Top Traders Squeezed by Soaring Gas Markets and Seek Cash
(Bloomberg) -- Major energy traders including Gunvor Group Ltd. and Mercuria Energy Group Ltd. have reduced the size of their trading positions and increased borrowing from lenders to cover large margin calls stemming from the unprecedented surge in European gas prices, according to people familiar with the matter.
Commodity trading houses have been expanding their natural gas dealings in recent years, signing long-term contracts to purchase volumes of the fuel, and typically building corresponding short positions in derivatives to hedge potential losses from price swings. As the price of gas in Europe has spiked, the traders have been told to deposit additional funds -- known as margin calls -- with brokers and exchanges to cover part of the value of their positions in gas futures, the people said.
Both Gunvor, the biggest independent trader of liquefied natural gas, and Mercuria, a major power and gas trader, asked banks for additional credit to fund margin calls arising from their hedging positions, said the people, who asked not to be named because the information is private.
Gunvor received margin calls of about $1 billion in total for its gas and LNG trading positions and has paid that out in the last few months, one of the people said.
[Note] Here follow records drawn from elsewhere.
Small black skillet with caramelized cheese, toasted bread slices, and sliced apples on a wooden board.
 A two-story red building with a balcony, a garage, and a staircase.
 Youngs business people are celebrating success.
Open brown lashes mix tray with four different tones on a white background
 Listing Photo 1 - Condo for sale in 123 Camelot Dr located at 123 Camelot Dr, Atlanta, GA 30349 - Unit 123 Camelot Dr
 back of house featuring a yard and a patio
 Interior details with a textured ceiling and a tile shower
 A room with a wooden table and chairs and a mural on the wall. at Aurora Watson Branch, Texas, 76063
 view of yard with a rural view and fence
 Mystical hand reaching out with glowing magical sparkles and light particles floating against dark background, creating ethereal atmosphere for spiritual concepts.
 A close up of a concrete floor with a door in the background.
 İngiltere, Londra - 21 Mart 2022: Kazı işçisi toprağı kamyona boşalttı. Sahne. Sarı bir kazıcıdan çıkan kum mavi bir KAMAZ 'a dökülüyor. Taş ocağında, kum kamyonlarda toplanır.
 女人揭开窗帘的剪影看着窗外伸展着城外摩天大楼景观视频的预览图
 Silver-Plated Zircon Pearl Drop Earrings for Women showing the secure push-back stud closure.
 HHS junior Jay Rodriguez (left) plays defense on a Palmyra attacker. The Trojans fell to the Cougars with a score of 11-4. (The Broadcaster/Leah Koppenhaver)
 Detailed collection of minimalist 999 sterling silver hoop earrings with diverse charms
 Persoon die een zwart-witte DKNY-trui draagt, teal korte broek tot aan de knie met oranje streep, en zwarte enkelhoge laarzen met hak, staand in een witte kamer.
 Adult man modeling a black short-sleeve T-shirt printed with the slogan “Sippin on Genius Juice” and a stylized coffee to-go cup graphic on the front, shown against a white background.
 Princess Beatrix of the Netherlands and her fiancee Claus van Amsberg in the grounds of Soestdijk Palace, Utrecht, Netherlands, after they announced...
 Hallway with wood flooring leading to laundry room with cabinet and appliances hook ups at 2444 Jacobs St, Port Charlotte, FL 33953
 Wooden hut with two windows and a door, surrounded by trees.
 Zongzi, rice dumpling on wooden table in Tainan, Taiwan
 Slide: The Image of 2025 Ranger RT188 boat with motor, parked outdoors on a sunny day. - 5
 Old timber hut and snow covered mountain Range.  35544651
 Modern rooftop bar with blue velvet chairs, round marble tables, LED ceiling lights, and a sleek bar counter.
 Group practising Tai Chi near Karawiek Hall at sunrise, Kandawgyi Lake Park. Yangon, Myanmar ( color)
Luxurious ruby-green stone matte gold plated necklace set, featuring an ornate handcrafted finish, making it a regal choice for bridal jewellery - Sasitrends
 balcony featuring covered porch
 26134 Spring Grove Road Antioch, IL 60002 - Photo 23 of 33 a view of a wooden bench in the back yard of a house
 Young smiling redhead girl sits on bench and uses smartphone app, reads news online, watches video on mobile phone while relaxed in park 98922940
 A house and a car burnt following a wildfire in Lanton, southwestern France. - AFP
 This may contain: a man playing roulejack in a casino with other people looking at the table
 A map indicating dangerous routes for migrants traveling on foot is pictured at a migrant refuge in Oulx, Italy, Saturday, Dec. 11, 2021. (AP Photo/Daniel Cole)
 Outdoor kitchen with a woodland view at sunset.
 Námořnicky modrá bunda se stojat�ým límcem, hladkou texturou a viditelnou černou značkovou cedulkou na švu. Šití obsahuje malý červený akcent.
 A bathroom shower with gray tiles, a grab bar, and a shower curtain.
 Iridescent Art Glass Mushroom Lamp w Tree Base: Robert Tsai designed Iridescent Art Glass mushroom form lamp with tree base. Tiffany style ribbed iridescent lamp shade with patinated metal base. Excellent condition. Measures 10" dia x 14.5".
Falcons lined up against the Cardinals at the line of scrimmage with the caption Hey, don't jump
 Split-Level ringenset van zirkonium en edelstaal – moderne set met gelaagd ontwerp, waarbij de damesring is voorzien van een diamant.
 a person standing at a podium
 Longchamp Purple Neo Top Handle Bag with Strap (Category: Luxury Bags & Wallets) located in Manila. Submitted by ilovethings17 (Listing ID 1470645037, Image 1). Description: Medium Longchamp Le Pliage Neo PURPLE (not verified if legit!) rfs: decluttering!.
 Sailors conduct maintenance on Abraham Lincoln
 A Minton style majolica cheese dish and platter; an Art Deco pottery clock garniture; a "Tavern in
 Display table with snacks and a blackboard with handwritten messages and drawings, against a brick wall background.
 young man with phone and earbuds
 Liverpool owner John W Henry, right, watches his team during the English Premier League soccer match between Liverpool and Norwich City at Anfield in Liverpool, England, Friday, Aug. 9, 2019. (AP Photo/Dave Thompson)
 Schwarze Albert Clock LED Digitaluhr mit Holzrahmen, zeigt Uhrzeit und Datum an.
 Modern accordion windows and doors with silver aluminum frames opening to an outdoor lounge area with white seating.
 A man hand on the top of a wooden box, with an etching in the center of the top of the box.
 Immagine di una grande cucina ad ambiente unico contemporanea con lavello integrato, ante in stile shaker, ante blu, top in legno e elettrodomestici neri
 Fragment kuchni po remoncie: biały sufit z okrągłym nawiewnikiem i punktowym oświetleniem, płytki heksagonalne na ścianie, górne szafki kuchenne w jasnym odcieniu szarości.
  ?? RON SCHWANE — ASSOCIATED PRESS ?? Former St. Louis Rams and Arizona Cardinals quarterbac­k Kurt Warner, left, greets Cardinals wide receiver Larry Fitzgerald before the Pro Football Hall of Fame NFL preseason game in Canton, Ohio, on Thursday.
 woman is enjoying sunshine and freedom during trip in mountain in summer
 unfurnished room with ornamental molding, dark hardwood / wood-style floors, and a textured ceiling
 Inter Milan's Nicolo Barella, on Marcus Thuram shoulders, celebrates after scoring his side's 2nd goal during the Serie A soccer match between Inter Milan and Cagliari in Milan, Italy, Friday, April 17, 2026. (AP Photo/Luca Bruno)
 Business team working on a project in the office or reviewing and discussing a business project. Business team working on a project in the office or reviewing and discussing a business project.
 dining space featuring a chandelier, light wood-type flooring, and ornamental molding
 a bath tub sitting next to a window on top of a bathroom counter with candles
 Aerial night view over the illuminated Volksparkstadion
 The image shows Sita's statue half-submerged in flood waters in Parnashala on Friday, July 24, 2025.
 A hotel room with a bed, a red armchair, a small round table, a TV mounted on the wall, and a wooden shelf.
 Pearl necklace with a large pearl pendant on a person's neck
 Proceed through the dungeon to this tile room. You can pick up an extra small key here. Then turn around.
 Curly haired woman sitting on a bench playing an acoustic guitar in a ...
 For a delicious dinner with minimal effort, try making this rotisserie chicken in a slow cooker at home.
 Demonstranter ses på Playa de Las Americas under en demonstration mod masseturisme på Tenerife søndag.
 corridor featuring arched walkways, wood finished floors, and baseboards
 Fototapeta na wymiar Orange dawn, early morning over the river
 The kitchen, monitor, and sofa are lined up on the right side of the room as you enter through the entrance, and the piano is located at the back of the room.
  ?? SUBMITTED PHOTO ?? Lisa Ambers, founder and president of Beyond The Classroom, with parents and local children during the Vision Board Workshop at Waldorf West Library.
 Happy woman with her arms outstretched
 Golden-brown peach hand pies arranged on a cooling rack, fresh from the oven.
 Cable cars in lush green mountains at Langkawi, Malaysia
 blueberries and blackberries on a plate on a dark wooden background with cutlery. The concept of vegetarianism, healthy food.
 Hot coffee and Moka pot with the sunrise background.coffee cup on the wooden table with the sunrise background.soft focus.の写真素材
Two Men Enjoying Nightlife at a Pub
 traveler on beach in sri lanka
The company has about $3 billion in readily available liquidity to cover obligations, according to the person.
The two trading houses, both headquartered in Geneva, have also reduced their gas-trading positions to help manage the extreme volatility, the people said.
Gunvor and Mercuria declined to comment.
Vitol Group, the biggest independent oil trader, has also increased borrowing because of margin calls but hasn’t been forced to reduce its trading positions, the people said. Vitol declined to comment.
Trafigura Group, the second-biggest independent oil and metals trader, has increased its credit lines by about $6 billion this year amid rising prices for commodities from copper to LNG, but has not significantly reduced its gas trading positions or increased borrowing in response to recent margin calls, another person said.
The margin calls don’t necessarily reflect losses. Even profitable trading positions would need large amounts of additional capital to cover margin calls as prices have surged. The challenges faced by trading houses show how Europe’s unprecedented energy crisis is creating difficulties at every step along the supply chain, not just for end consumers.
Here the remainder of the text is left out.